§ **To do**: Nothing but the lines from the one containing "-海底捞火锅(金桥太茂商业广场店)" through the one containing "凉山州STK11基因检测正规机构名单（官方认证）", both included, should be given again, each exactly as written below.

------ The data ------

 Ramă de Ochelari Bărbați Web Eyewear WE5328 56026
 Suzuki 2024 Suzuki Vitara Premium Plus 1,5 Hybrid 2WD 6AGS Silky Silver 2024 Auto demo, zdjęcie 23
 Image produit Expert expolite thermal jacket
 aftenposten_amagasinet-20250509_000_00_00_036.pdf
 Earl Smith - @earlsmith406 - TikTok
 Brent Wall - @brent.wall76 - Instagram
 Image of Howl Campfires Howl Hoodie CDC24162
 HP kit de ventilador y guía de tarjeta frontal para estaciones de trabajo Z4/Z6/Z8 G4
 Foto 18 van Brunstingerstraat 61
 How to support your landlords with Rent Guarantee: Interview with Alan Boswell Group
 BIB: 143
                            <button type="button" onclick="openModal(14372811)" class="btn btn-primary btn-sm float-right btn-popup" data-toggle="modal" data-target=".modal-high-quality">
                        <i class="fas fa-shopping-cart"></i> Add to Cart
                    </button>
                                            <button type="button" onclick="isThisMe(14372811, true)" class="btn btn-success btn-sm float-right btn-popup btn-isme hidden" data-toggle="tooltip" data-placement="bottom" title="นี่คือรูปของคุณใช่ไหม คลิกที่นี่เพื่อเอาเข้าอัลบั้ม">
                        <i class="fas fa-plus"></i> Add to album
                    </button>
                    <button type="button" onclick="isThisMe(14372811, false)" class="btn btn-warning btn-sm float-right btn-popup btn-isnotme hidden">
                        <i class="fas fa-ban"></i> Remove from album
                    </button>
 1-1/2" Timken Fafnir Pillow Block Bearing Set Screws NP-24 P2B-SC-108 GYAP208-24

------
------ The data ------

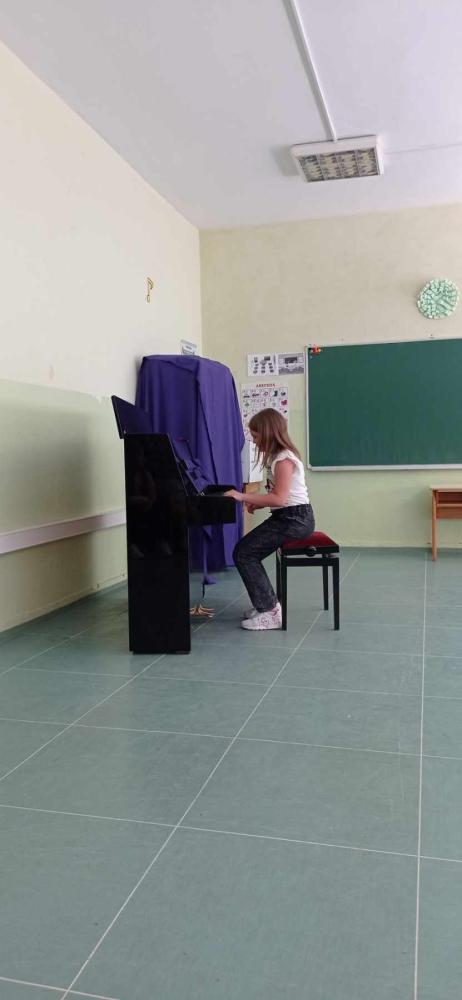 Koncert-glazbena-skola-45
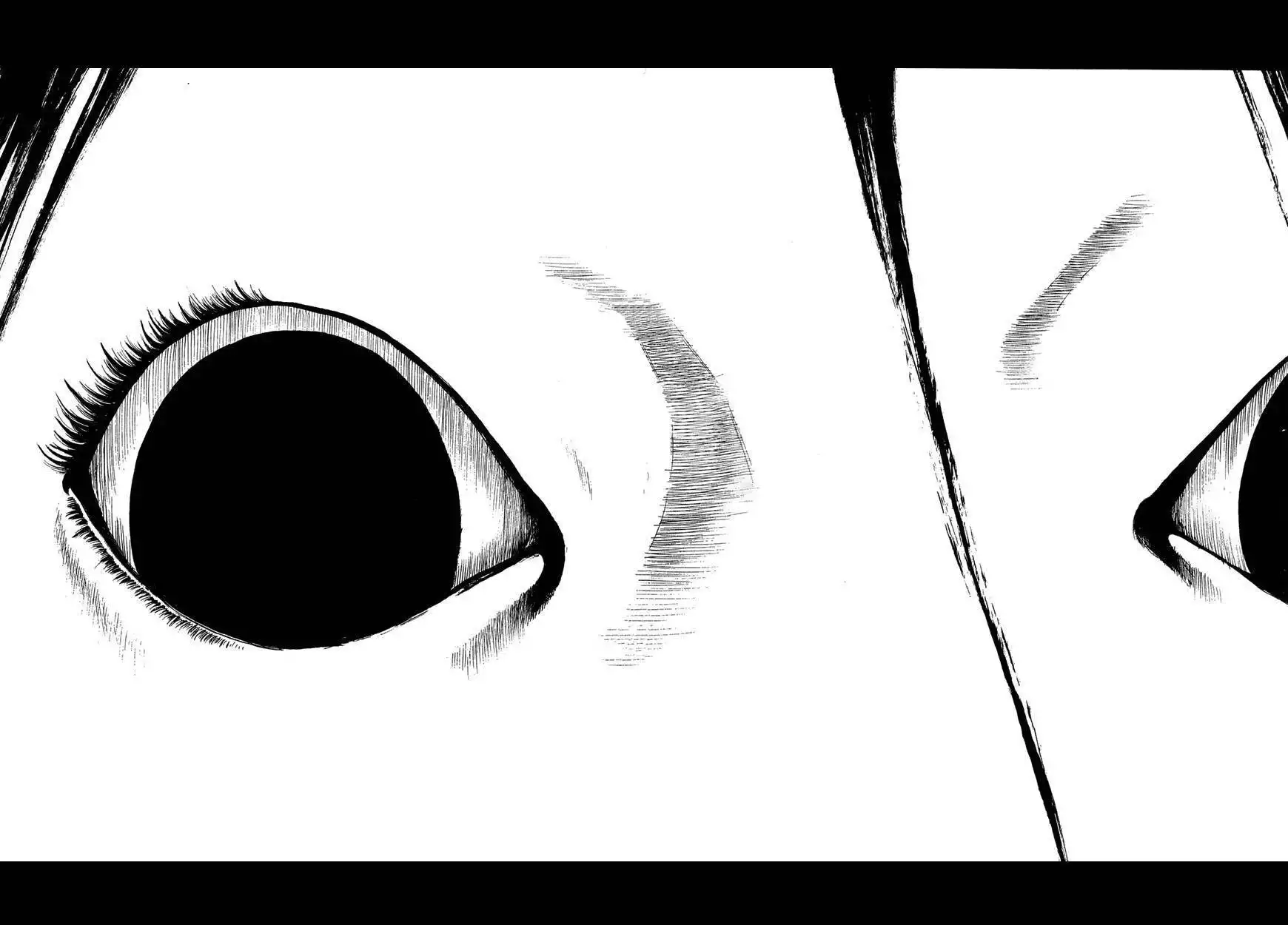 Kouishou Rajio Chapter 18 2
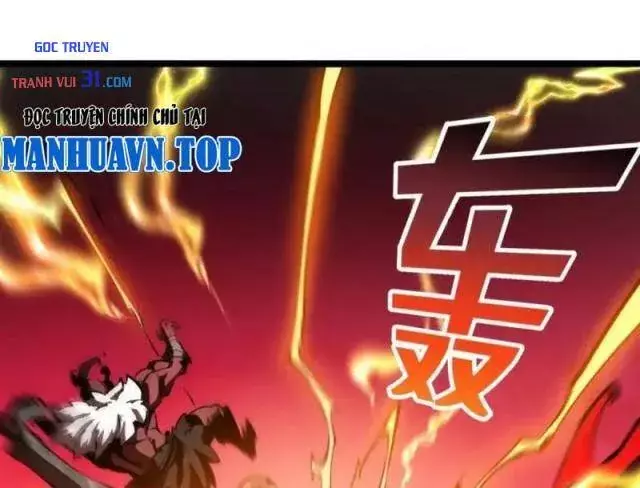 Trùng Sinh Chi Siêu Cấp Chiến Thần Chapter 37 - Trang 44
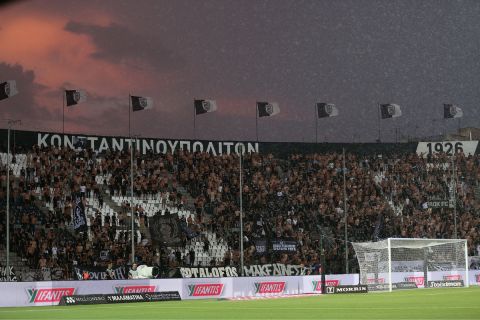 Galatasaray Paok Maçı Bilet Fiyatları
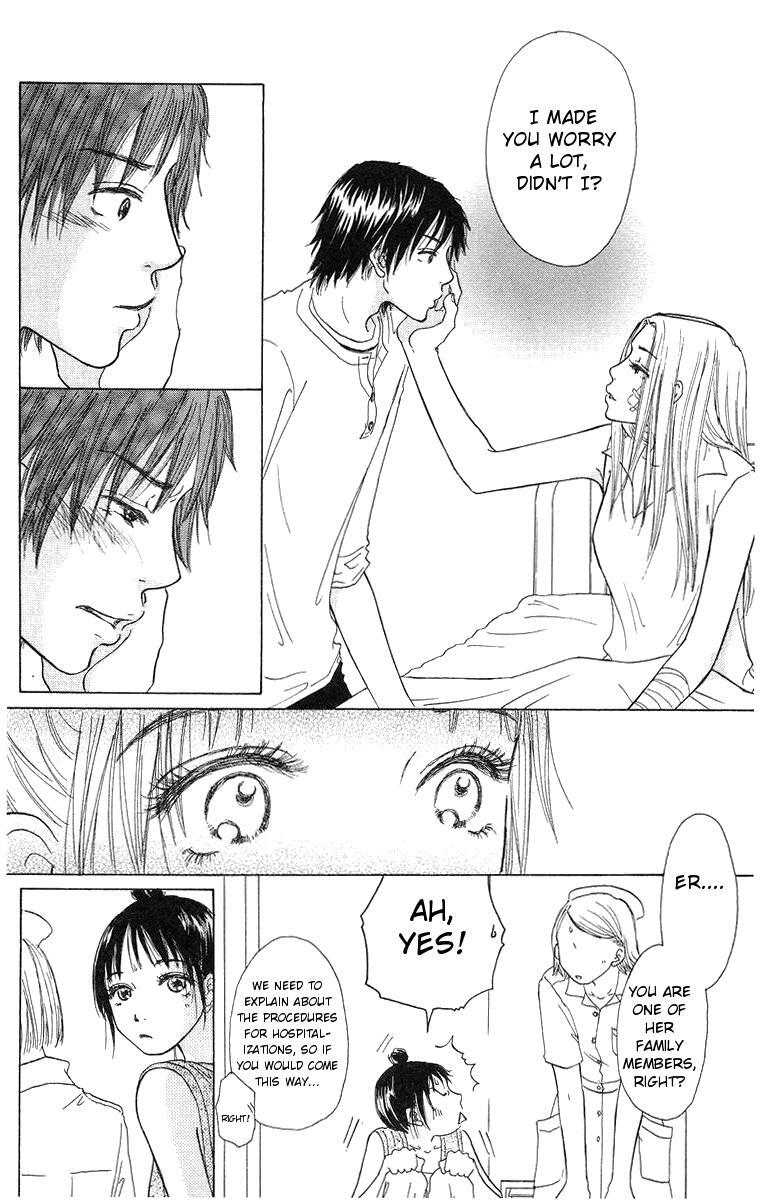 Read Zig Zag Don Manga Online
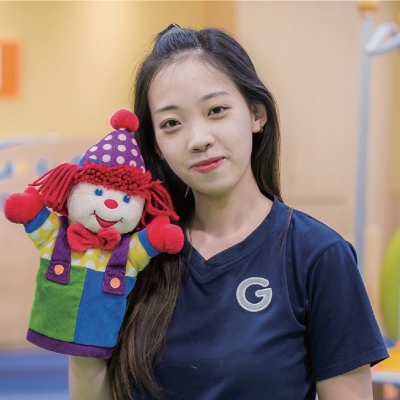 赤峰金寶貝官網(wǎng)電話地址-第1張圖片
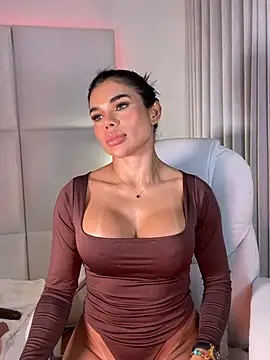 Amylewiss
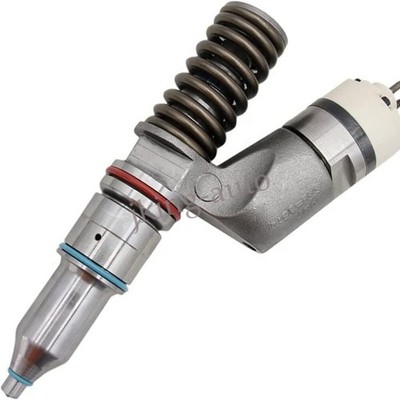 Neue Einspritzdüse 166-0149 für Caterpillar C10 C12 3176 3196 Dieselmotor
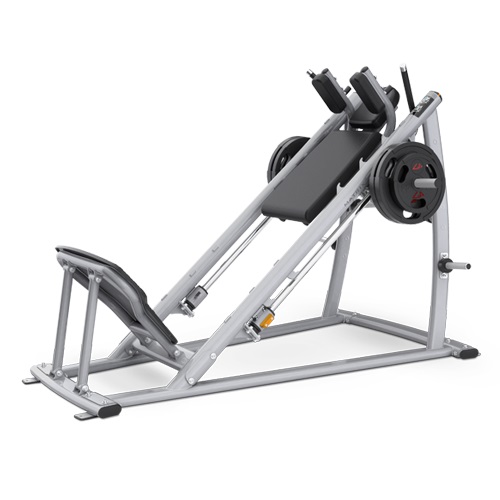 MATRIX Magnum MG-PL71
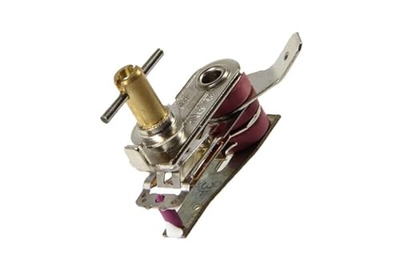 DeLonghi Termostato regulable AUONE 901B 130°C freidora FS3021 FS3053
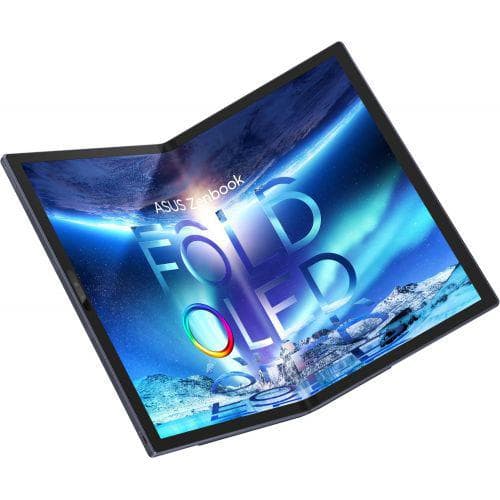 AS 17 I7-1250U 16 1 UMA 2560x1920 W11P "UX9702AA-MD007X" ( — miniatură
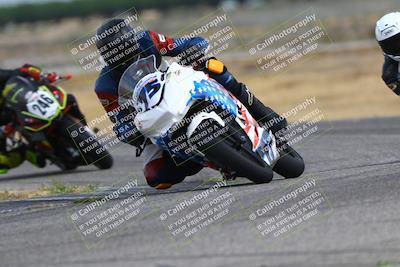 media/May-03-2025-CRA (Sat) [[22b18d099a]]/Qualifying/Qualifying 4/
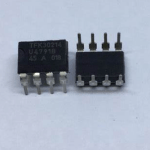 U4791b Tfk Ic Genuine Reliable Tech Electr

------
------ The data ------

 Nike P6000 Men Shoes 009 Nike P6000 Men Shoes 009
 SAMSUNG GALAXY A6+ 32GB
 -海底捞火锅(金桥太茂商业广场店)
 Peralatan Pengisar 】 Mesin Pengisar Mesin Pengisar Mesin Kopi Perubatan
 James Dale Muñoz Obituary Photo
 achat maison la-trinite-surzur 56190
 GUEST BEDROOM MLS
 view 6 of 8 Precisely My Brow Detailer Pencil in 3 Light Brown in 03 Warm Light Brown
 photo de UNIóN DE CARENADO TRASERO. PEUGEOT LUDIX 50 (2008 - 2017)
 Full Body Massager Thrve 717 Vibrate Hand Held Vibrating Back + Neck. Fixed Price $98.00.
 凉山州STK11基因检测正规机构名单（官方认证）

------

§ **Response to the exercise**:
 -海底捞火锅(金桥太茂商业广场店)
 Peralatan Pengisar 】 Mesin Pengisar Mesin Pengisar Mesin Kopi Perubatan
 James Dale Muñoz Obituary Photo
 achat maison la-trinite-surzur 56190
 GUEST BEDROOM MLS
 view 6 of 8 Precisely My Brow Detailer Pencil in 3 Light Brown in 03 Warm Light Brown
 photo de UNIóN DE CARENADO TRASERO. PEUGEOT LUDIX 50 (2008 - 2017)
 Full Body Massager Thrve 717 Vibrate Hand Held Vibrating Back + Neck. Fixed Price $98.00.
 凉山州STK11基因检测正规机构名单（官方认证）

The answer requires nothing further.